## Extracted entries
——

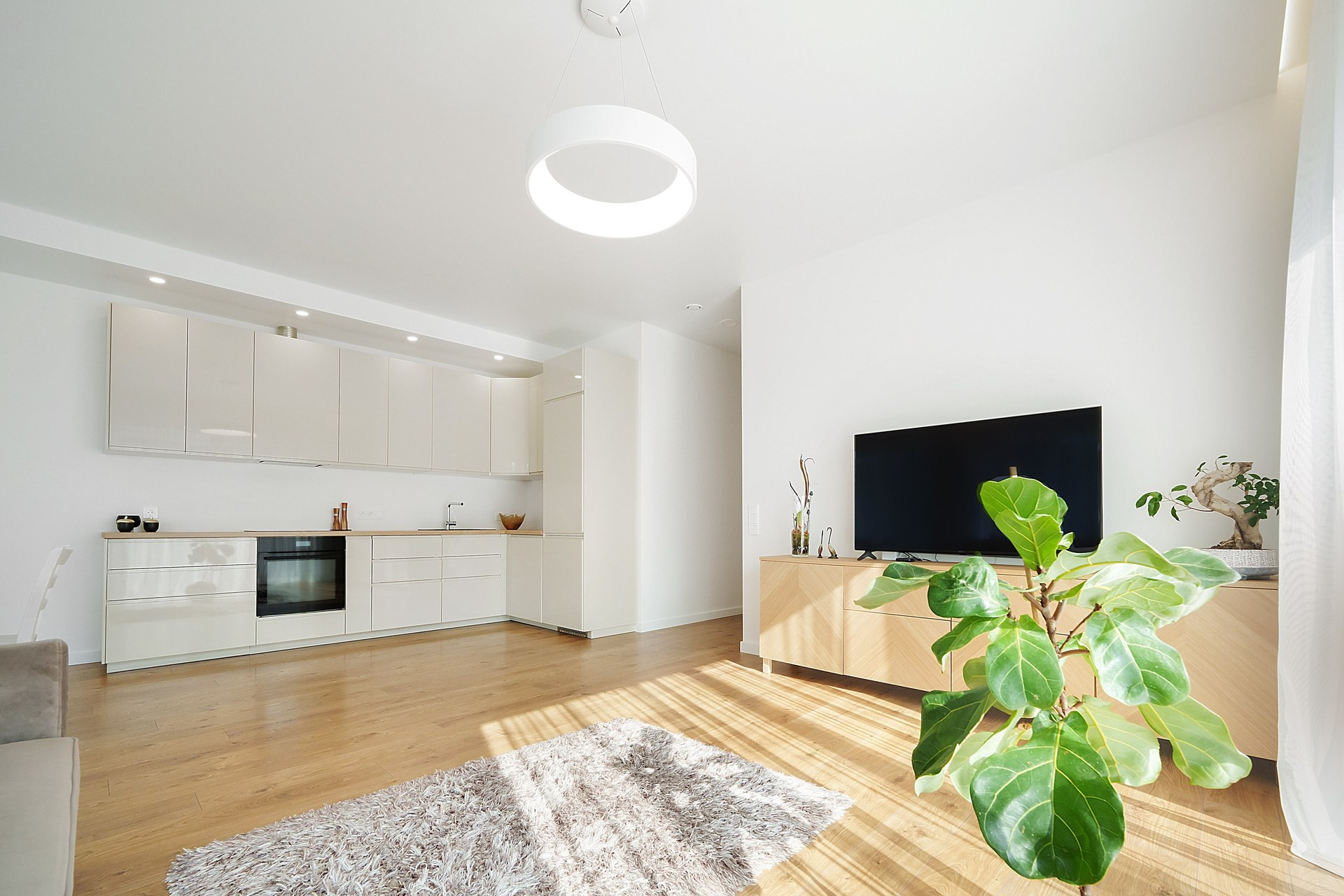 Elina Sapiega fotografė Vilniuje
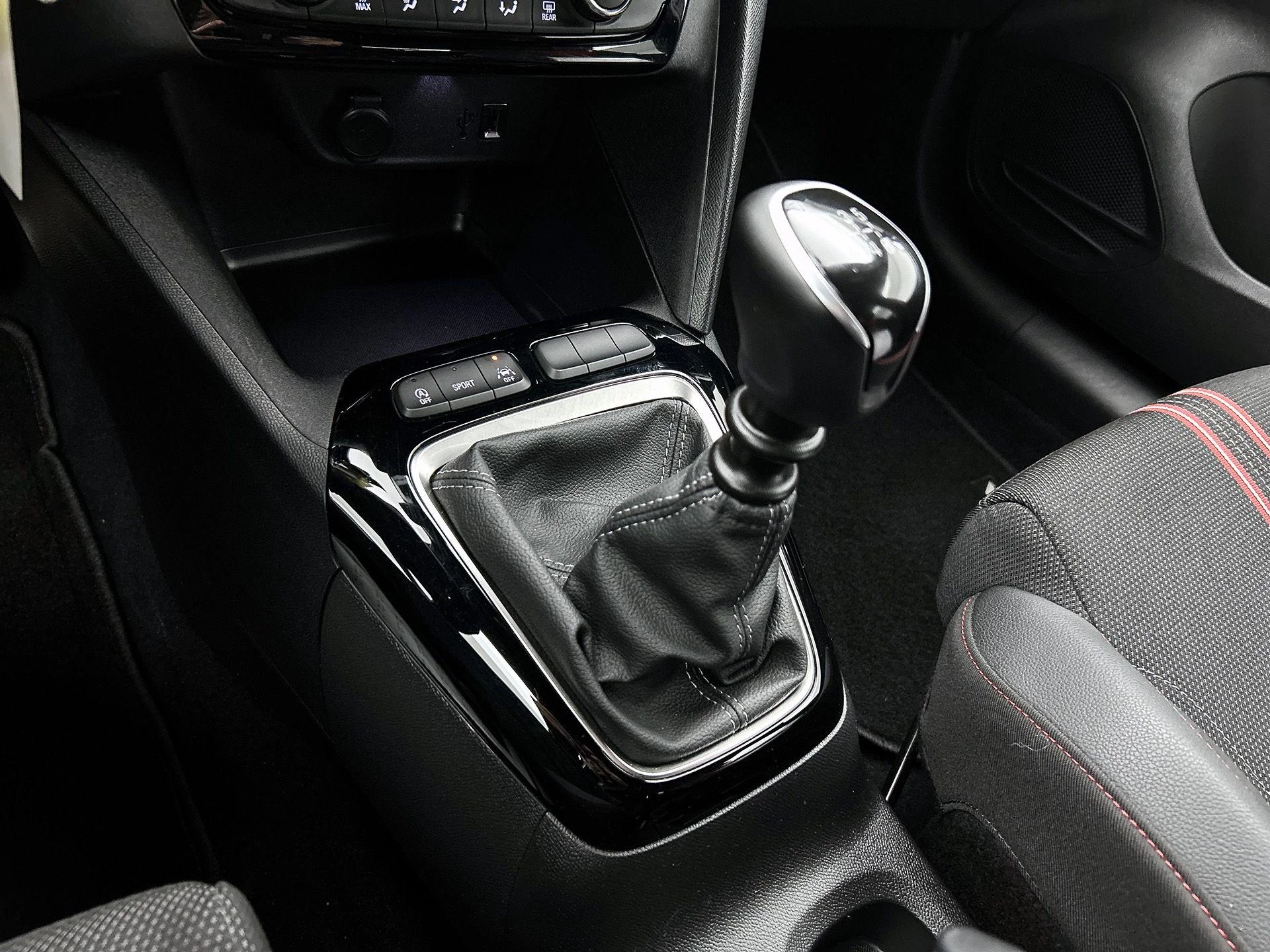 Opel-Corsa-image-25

——

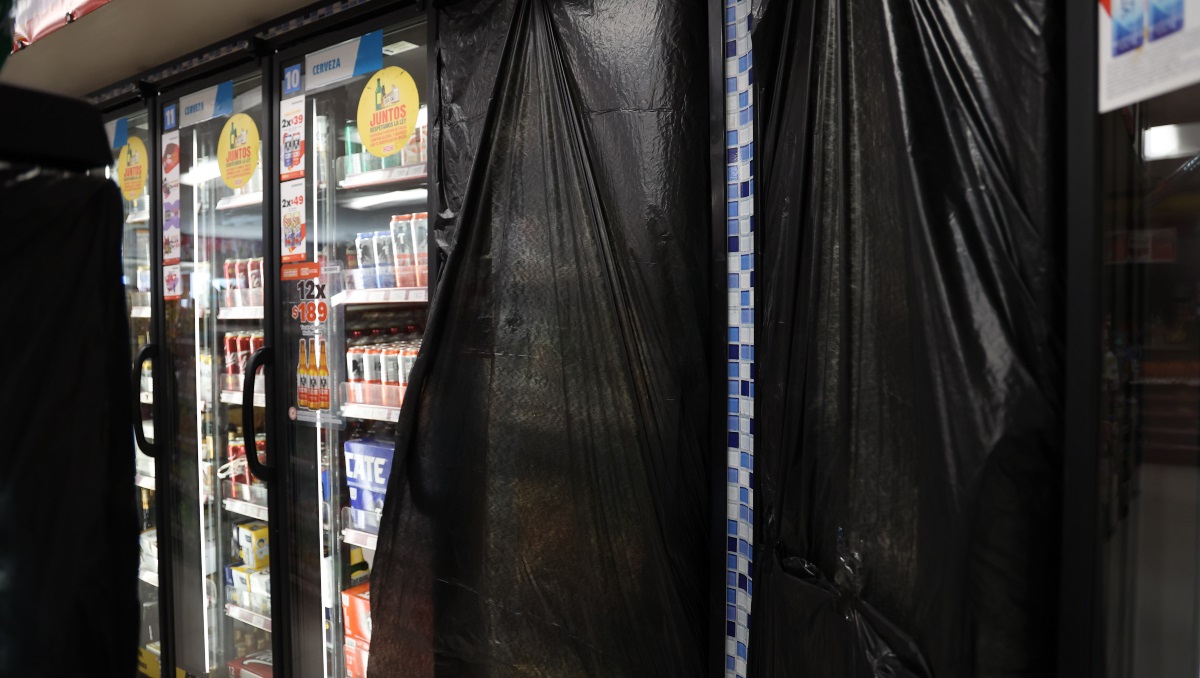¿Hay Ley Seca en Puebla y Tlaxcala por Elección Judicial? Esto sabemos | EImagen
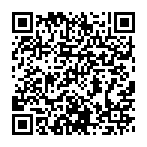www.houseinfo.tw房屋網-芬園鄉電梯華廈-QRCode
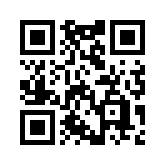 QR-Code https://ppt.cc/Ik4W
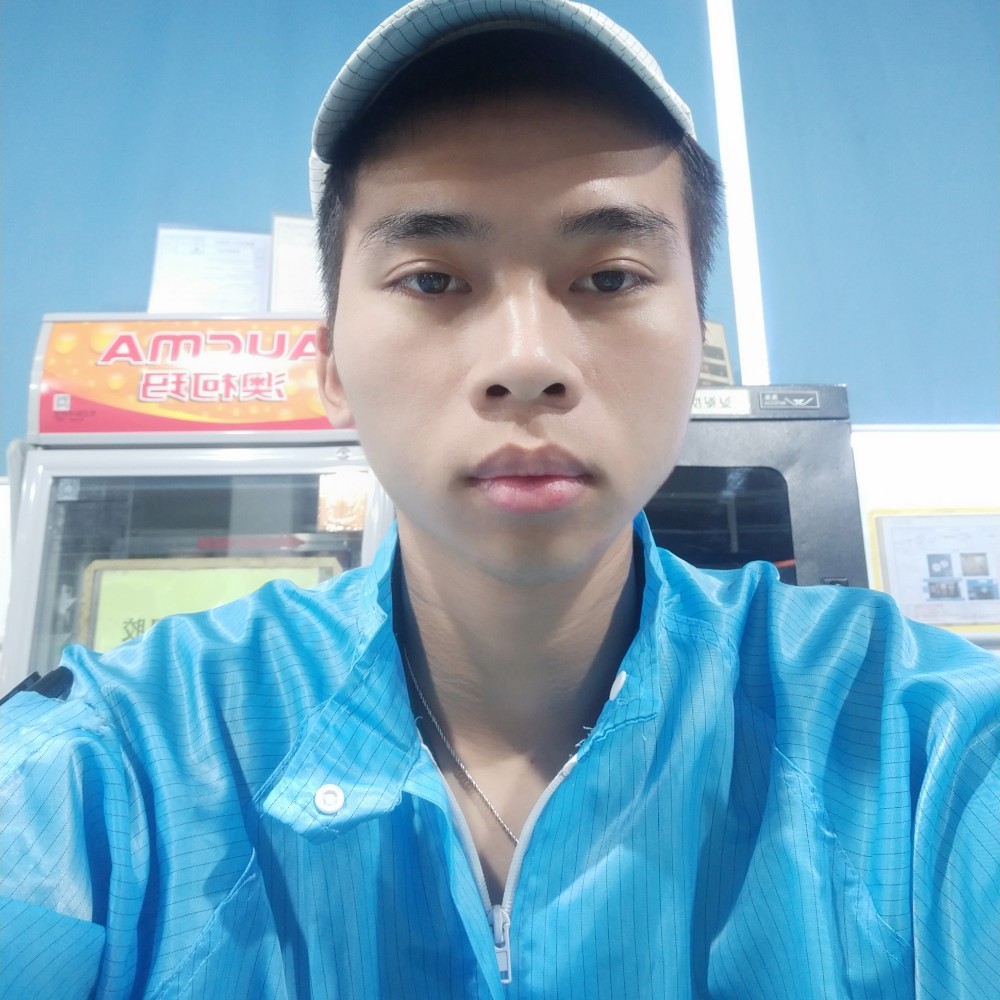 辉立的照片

——

## Problem to solve
What are the lines above from the one with "Elina Sapiega fotografė Vilniuje" to the one with "Opel-Corsa-image-25", both included? Reproduce them exactly, without pictures.

## Written response
 Elina Sapiega fotografė Vilniuje
 Opel-Corsa-image-25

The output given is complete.